JAMBI - Anak-anak dibawah umur marak menjadi korban pelecahan seksual. Sejak Januari hingga akhir Maret 2013, tercatat sebanyak 9 kasus yang ditangani oleh Badan Pemberdayaan Perempuan dan Keluarga Berencana (BPPKB) Kota Jambi.
Tidak hanya masalah pelecahan seksual saja, kasus eksploitasi atau tindakan penelantaran anak-anak dibawah umur juga mulai marak. Dalam kurun waktu 3 bulan terakhir, ada 3 kasus yang ditangani oleh BPPKB Kota Jambi.
Rasyid Ridho Siregar, Kepala BPPKB melalui bidang Pemberdayaan Perempuan dan Perlindungan Anak (PPPA) Hidayatul Hasanah, membeberkan hal itu.
“Memang anak-anak dibawah umur selalu menjadi korban, baik itu korban pelecahan seksual maupun eksploitasi. Buktinya sejak januari 2013 ini pihak kita sudah beberapa kasus yang kita tangani. Berdasarkan laporan dari korban yang kemudian kita dampingi untuk melaporkan kepada pihak yang berwajib,” ujar Hidayatul.
Walau demikian, kata Hidayatul, pihaknya hanya bisa sebatas ikut menangani dan mendampingi sesuai dengan tupoksinya. Menurut dia, masih banyak kasus pelecehan lainnya yang tidak terpantau.

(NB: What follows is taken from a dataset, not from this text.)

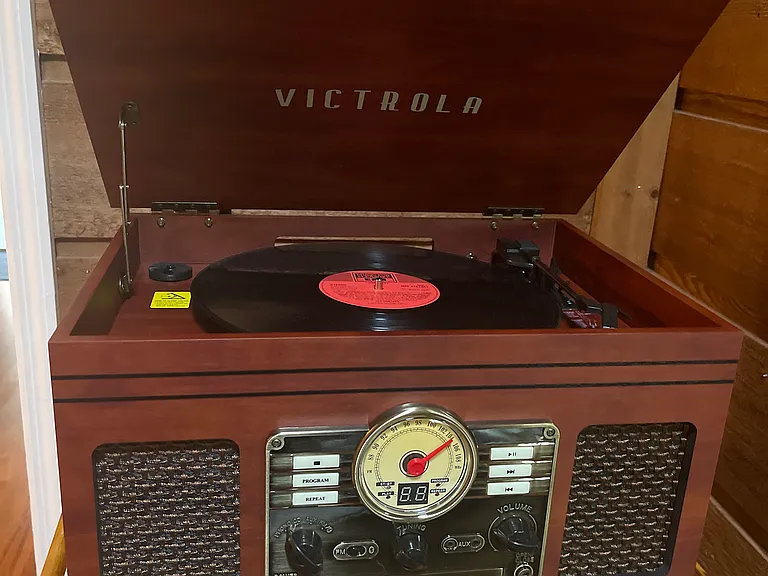 Record player with turntable, CD player and radio in the family room.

“Kasus yang ada tersebut hanya yang malaporkan kepada pihak kita. Saya pikir masih banyak kasus yang sama tidak terpantau lantaran tidak melaporkannya kepada pihak kita. Kita berharap jika ada hal yang seperti itu segera lapor,” imbuhnya.

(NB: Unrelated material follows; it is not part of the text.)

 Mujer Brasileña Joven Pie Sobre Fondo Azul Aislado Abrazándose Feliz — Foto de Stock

Berdasarkan laporan yang diterima pihaknya, lanjut Hidayatul, khusus untuk kasus pelecehan seksual terhadap anak, pada umumnya dilakukan oleh orang terdekat korban. Seperti, teman, pacar, dan bahkan yang sangat memalukan dilakukan oleh bapak kandung korban sendiri.
“Tidak dipungkiri, kasus pelecehan seksual yang terjadi banyak dilakukan oleh ayah kandung korban sendiri. Buktinya, berdasarkan data yang kita peroleh dari laporan korban, ada yang dilakukan oleh bapaknya sendiri. Begitupun dengan kasus ekploitasi,” bebernya.

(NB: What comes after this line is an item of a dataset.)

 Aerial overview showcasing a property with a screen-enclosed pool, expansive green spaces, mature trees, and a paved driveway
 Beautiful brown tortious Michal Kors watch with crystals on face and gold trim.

Penyebab terjadinya kedua kasus tersebut, dikatakannya, diakibatkan minimnya pengetahuan agama pelaku. “Banyak hal yang menyebabkan terjadinya kasus pelecehan seksual, namun untuk kasus ekploitasi anak pada umumnya terjadi lantaran himpitan ekonomi keluarga sehingga harus mengorbankan anaknya sendiri,” tandasnya.